= BIOSTEC =

The International Joint Conference on Biomedical Engineering Systems and Technologies - BIOSTEC - is an international joint conference composed of five co-located conferences each specialized in a different knowledge area:

- Biomedical Electronics and Devices
- Bioimaging
- Bioinformatics Models, Methods and Algorithms
- Bio-inspired Systems and Signal Processing
- Health Informatics

This joint conference is held annually and it seems to be interested in the dissemination of the novelties in the topics covered by its sub-conferences.

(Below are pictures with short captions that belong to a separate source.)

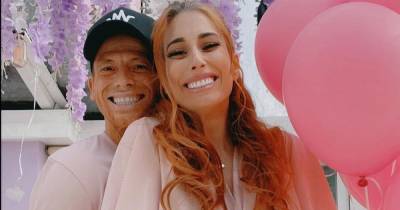 Joe Swash cooks Stacey Solomon 'special breakfast' as two prep for daughter's arrival - www.ok.co.uk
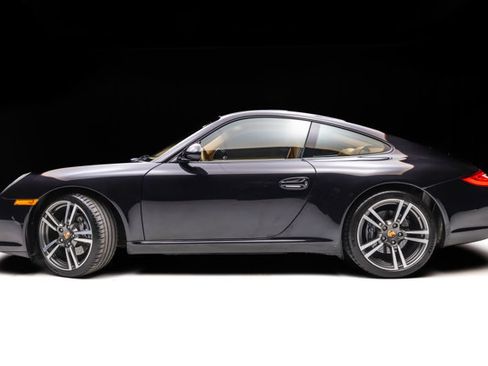 Used 2010 Porsche 911 Carrera RWD image 19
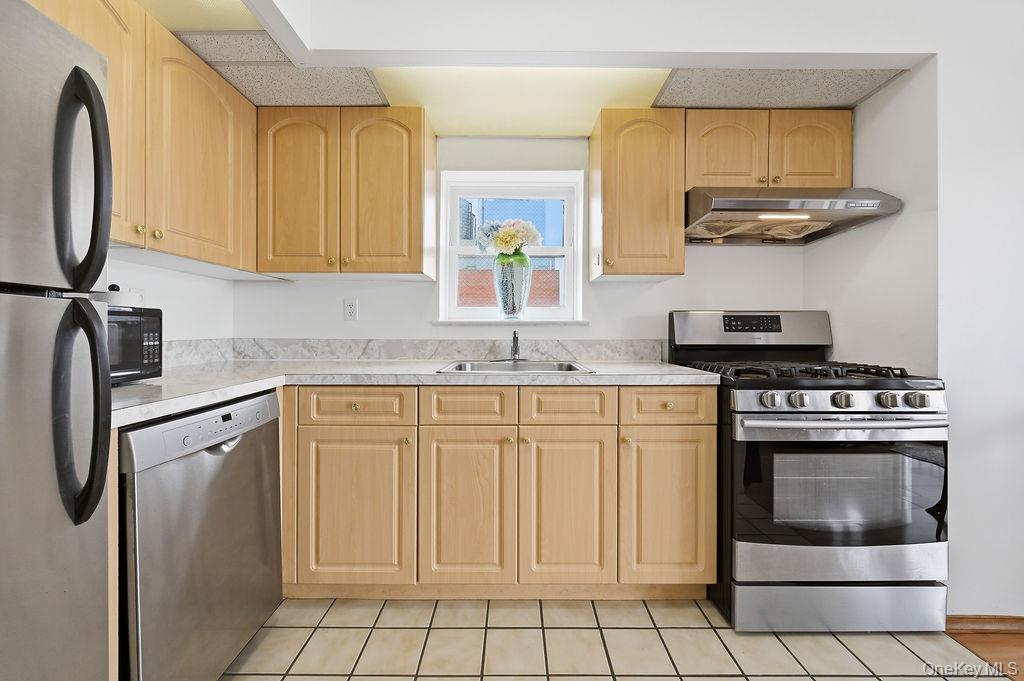 133-36 41st Road # 7F, Flushing, NY 11355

BIOSTEC had its first edition in 2008 counting with the participation of some keynote speakers like Kevin Warwick. Since then, several names have been invited to deliver keynotes to the BIOSTEC attendees. Among them: David Rose (MIT Media Lab, United States), Bradley Nelson, (ETH Zurich, Switzerland), Edward H. Shortliffe, (Arizona State University, United States), José C. Príncipe (University of Florida, United States), Alberto Cliquet Jr (University of São Paulo & University of Campinas, Brazil), Tanja Schultz (University of Bremen, Germany) and Vimla L. Patel, (Arizona State University, United States).

Besides the presentation of invited talks, the BIOSTEC conferences are composed by different kind of sessions like poster sessions, technical sessions, tutorials, special sessions, workshops, doctoral consortiums, panels and industrial tracks. The papers presented in the conference are made available at the SCITEPRESS digital library, published in the conference proceedings and some of the best papers are invited to a post-publication with Springer.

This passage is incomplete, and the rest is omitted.